February 26, 2022
The right diagnosis could be one of the best weapons against cancer.
Oncologists always say that the success of any cancer treatment lies in the diagnosis. Simply put – if you get the diagnosis right, you get the treatment right. Receiving the right diagnosis has become more important than ever, as the consequences of misdiagnoses are already well-known.
Cancer is diagnosed through numerous means; however, imaging is considered to be one of the most varied and accurate forms of diagnosis. In the past, oncological imaging involved MRI, endoscopy, ultrasound, CT imaging, PET imaging, etc. However, the field of cancer diagnostics is constantly evolving and moving towards combining different techniques (multimodal) to study both the molecular and physical aspects of the tumour. One such technological innovation is PET CT imaging. PET CT imaging helps oncologists arrive at more accurate diagnostics and devise treatment plans that are focused on treating the tumour without harming the healthy tissues.
What is PET CT Imaging?
PET CT (Positron Emission Tomography/Computed Tomography) is a nuclear medicine imaging technique that combines the structural information from the CT scan along with the metabolic or biochemical activity information from the PET scan.
The data from PET and CT imaging are combined for two or three-dimensional image reconstruction with the help of a software system. These combined scans help oncologists in pinpointing abnormal metabolic activity and devising the best treatment plan for various cancers. Also, PET CT may provide a more accurate diagnosis when compared to the diagnosis obtained from PET or CT alone.
PET CT imaging helps in staging, treatment planning, treatment monitoring, restaging and recurrence evaluation.
How Does PET CT Work?
PET CT imaging is a non-invasive and painless procedure. This testing method uses radiolabelled molecules known as ‘radiotracers’ or ‘radiopharmaceuticals’ in small quantities. These radiotracers will be used to detect or study abnormal cellular activity throughout the body. Fluorodeoxyglucose (18F), which is a radioactive form of glucose, is a commonly used radiotracer during PET CT imaging. This radiotracer will be injected into the body before the scanning.
Cells need glucose for energy. Cancer cells, due to their higher metabolic activity, need more glucose. This increased glucose absorption can be tracked during the imaging as the radiotracer starts emitting radiation. Those areas with increased glucose absorption appear as bright spots.
A special camera is used to detect these radioactive emissions and produce images of the metabolic activity of the scanned region. A CT scan that is carried out simultaneously captures the X-ray images of internal organs from different angles.
A computer then combines the data from PET and CT scans to produce 3-dimensional images of internal organs. Any abnormalities like tumours can be easily and accurately detected through a PET CT scan.

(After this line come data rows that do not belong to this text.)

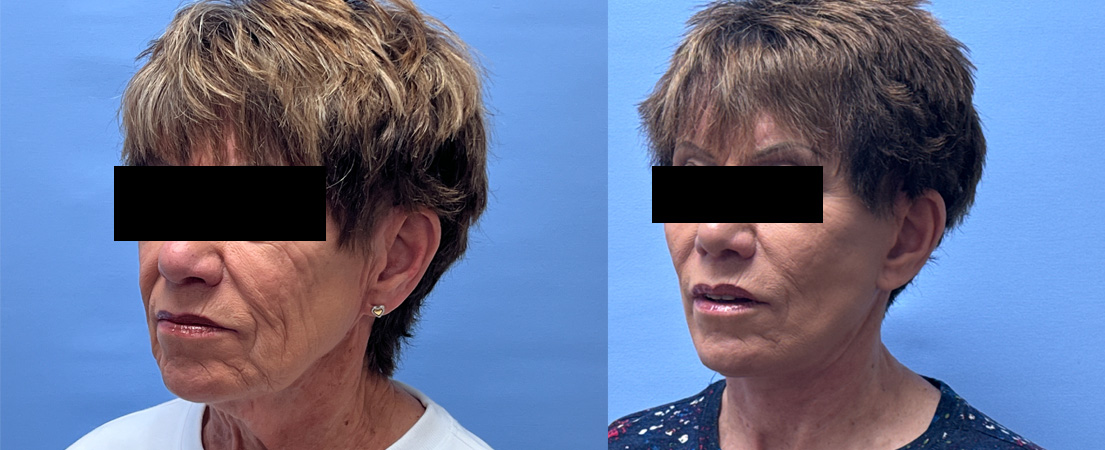 Facelift Patient 36 | Dr. Shaun Parson Plastic Surgery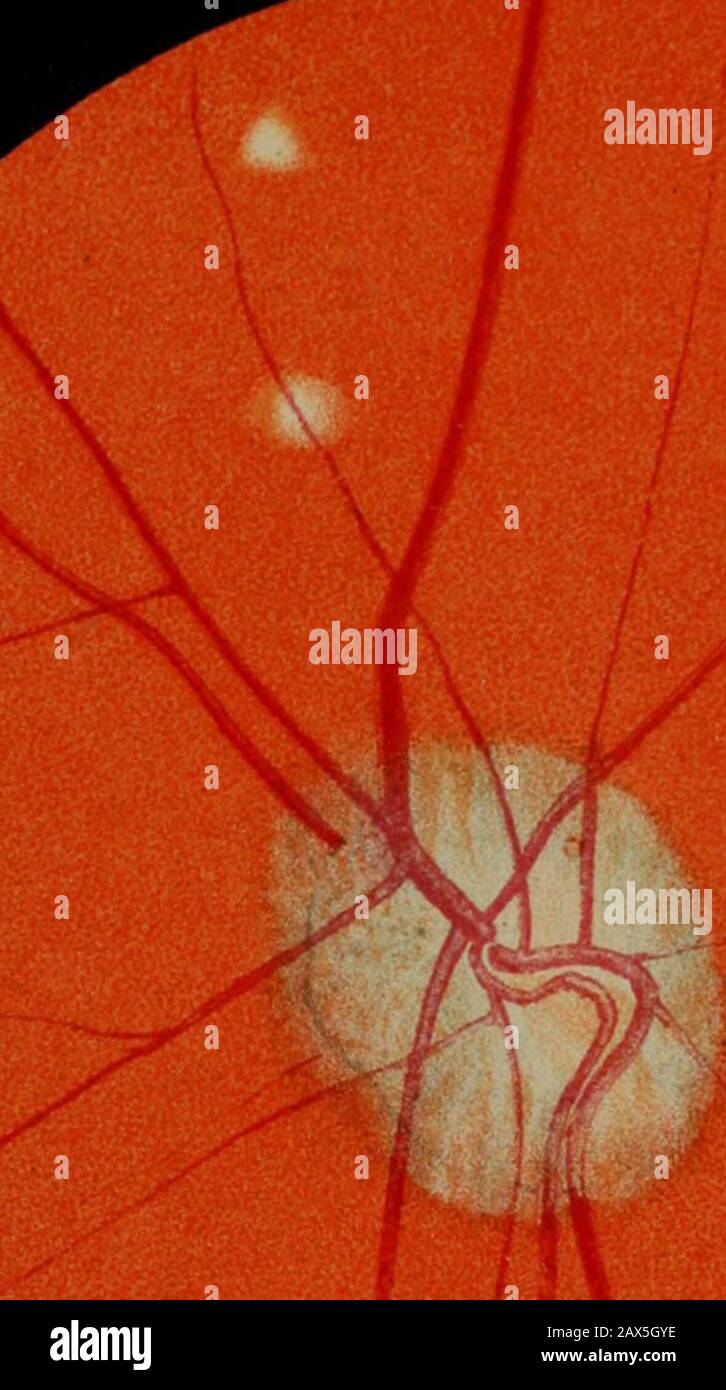 Transactions . ination was carried out by Dr. Maguirein the Pathological Laboratory of Owens College, and,although exceptional care was taken, no rods could befound. I confess I was not disappointed, because in acase of tuberculosis confined to the eyeball, which I hadthe honour of bringing before the Society, every knownstaining was tried without avail to detect bacilli. Whetherthey exist as a spore which will not stain, or whether, * A full report of the case will be found in the Medical Times for ISS-i,vol. ii, p. 80.t p. 198. DESCRIPTION OE PLATE YII. Eig. 1 shows the ophthalmoscopic appea Stock Photo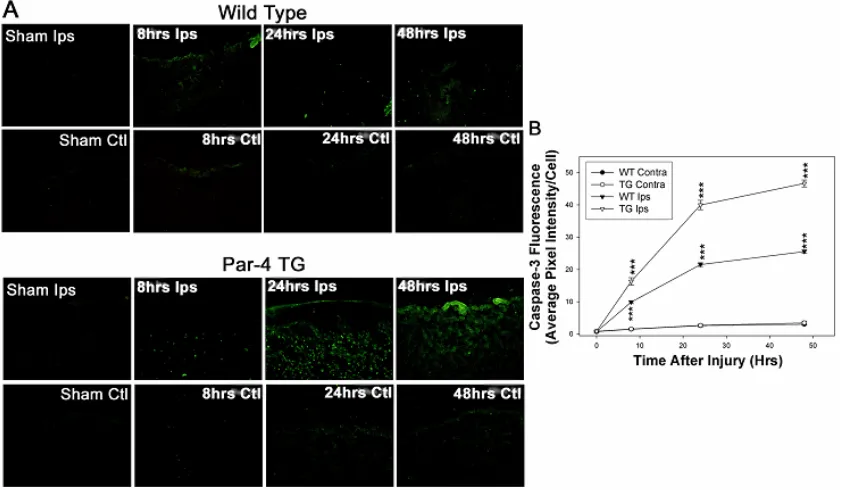 Figure 6 Caspase-3 activation is significantly greater in transgenic mice that overexpress Par-4 compared to wild-type mice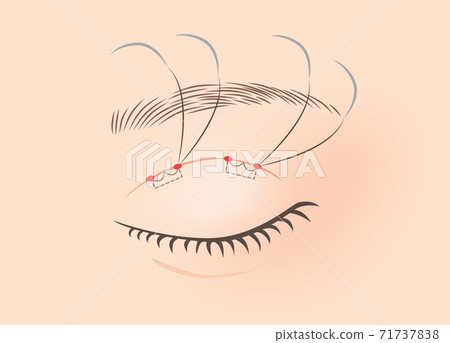 雙重手術的圖示（埋葬方法，兩點固定） 71737838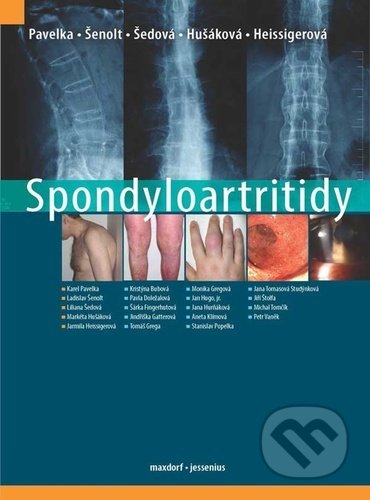 Spondyloartritidy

How Does PET CT Imaging Help Doctors (and Patients)?
PET CT scanning helps both the patients and the doctors in numerous ways:
- Through enhanced accuracy, PET CT supports the right diagnosis and thereby, the right clinical decisions.
- PET CT helps specialists detect cancers in their early stages when they can be treated successfully.
- By providing highly reliable information about the lesions or abnormal masses, PET CT imaging helps in effective treatment planning.
- PET CT imaging also helps assess the patient’s response to the treatment given.
- PET CT can help prevent unnecessary invasive procedures by providing helpful molecular and structural data at once.
- This imaging process is non-invasive and takes less time. There is no downtime or recovery required for the patients after the test.
Frequently Asked Questions on PET CT Imaging
1. How long does the procedure take?
The entire procedure may take up to 60 to 90 minutes. The radiotracer that is injected into the vein takes nearly an hour to travel throughout the body and get absorbed by the tissues. The imaging takes around 30 minutes.
2. Is there a hospital admission required for a PET CT scan?
No, you don’t need a hospital admission for your PET CT scan. However, there will special instructions provided by your doctor, pertaining to your food and water intake before your scan – this has to be followed without fail. This is an outpatient procedure. You can get back to your daily activities almost immediately after the procedure.
3. Is PET CT imaging safe? Are there any side effects?
PET CT imaging is a safe, non-invasive and painless procedure. There are no major side effects associated with the scan. However, a few patients may experience mild discomfort, which wears off with time. If it concerns you, you can talk to your doctor.
4. When will I get my PET CT results?
The PET CT results will be available in 24-48 hours.
5. Can a PET CT scan worsen my claustrophobia?
The scan happens in a confined chamber, and it is normal for claustrophobic patients to get stressed. If you are claustrophobic, please talk to your doctor, who will help you with medications that’ll keep you relaxed during the procedure. Apart from this, there are few more things that you can do to reduce your anxiety, such as listening to music, covering your eyes, focusing on breathing, following a distraction technique like counting, etc.